Sébastien Delogu agressé à Marseille : plainte pour menaces de mort et violences

Le député LFI Sébastien Delogu a déposé plainte contre un homme qui l’aurait insulté, agressé et menacé de mort pour ses positions sur Israël.

Le député LFI Sébastien Delogu victime d'une agression à caractère politique à Marseille

Le député de La France insoumise (LFI) des Bouches-du-Rhône, Sébastien Delogu, a déposé plainte ce mardi 26 mai 2026 après avoir été la cible d'une agression verbale et de menaces de mort, lundi soir, dans les quartiers Sud de Marseille. L'élu, connu pour son engagement pro-palestinien, a été reconnu par un autre automobiliste alors qu'il était arrêté à un feu tricolore sur le boulevard Michelet.

Selon des sources policières et le récit de la plainte consulté par l'AFP, le conducteur d'une Smart, accompagné d'une femme, s'est approché du véhicule du député et lui a lancé : « Descends, je vais te tuer », avant d'ajouter « Am Israel hai » (le peuple d'Israël vit). L'agresseur aurait également proféré des propos menaçants : « On va exterminer tous les Arabes… Ta mère, on sait où elle habite », avant de cracher sur la voiture de l'élu.

Enquête ouverte pour violences aggravées et menaces de mort

Le parquet de Marseille a immédiatement réagi en ouvrant une enquête pour « violences aggravées » et « menaces de mort contre une personne investie d'un mandat électif », a indiqué le ministère public à l'AFP. Cette qualification souligne la gravité des faits et le contexte politique dans lequel ils s'inscrivent.

Joint par France 3, Sébastien Delogu s'est dit « très choqué » et « très perturbé » par cette agression. « C'est de plus en plus violent. On se demande si on est encore en sécurité », a-t-il confié, évoquant le climat de tension qui entoure ses positions publiques.

Un contexte de tensions croissantes autour de l'engagement pro-palestinien du député

Cette agression s'inscrit dans un climat de radicalisation des discours et de multiplication des actes hostiles envers les élus et les militants engagés sur le conflit israélo-palestinien. Sébastien Delogu, qui avait agité un drapeau palestinien à l'Assemblée nationale en mai 2024 (écopant de deux semaines d'exclusion), est régulièrement la cible de critiques virulentes.

L'élu marseillais avait déjà été visé, en début d'année 2026, par une vaste opération d'ingérence numérique révélée par Libération et le média israélien Haaretz. Cette campagne de déstabilisation, menée via la plateforme Blackcore basée en Israël, visait à le discréditer ainsi que d'autres candidats LFI lors des élections municipales. Aujourd'hui, cette nouvelle agression relance les inquiétudes sur la sécurité des élus et la montée des violences politiques.

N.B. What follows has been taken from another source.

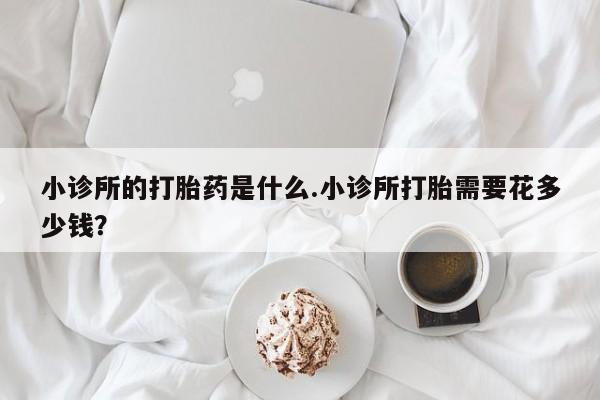 药流药怎么买小诊所的打胎药是什么.小诊所打胎需要花多少钱？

En parallèle, la France a récemment annoncé envisager une action en justice après le traitement « odieux » de ses militants par Israël lors de la flotille pour Gaza, un dossier suivi de près par les soutiens de la cause palestinienne. Par ailleurs, la France et la Pologne ont récemment banni Itamar Ben-Gvir après une vidéo choc sur des détenus, illustrant les tensions diplomatiques autour de ce conflit.

Un rappel des précédentes menaces et procédures judiciaires

L'élu n'en est pas à sa première procédure judiciaire. Outre cette plainte pour agression, Sébastien Delogu doit comparaître prochainement devant le tribunal pour « recel de biens provenant d'un vol », « divulgation d'informations personnelles permettant d'identifier ou localiser une personne et exposant un risque direct de danger ». Une affaire distincte qui témoigne de la pression judiciaire qui pèse sur lui.

Implications plus larges : la sécurité des élus et la polarisation du débat public

Cette agression intervient dans un contexte où les députés et les figures politiques sont de plus en plus exposés à des violences verbales et physiques. Elle soulève la question de la protection des élus, notamment ceux qui défendent des positions controversées ou minoritaires. Le débat sur le conflit israélo-palestinien, déjà très polarisé, tend à se durcir en France, avec des répercussions directes sur la sécurité des acteurs politiques.

L'ouverture d'une enquête rapide par le parquet de Marseille montre une volonté de répondre fermement à ces actes, mais elle ne masque pas une tendance de fond : la montée des menaces et des agressions envers les élus locaux et nationaux, toutes tendances politiques confondues. Les associations d'élus appellent régulièrement à renforcer les mesures de protection, mais les moyens restent limités.

Pour Sébastien Delogu, cette nouvelle affaire vient s'ajouter à un parcours déjà marqué par les polémiques et les procédures, alors qu'il s'apprête à comparaître devant le tribunal pour d'autres chefs d'accusation. L'avenir dira si cette agression marquera un tournant dans la manière dont les autorités traitent les violences politiques en France.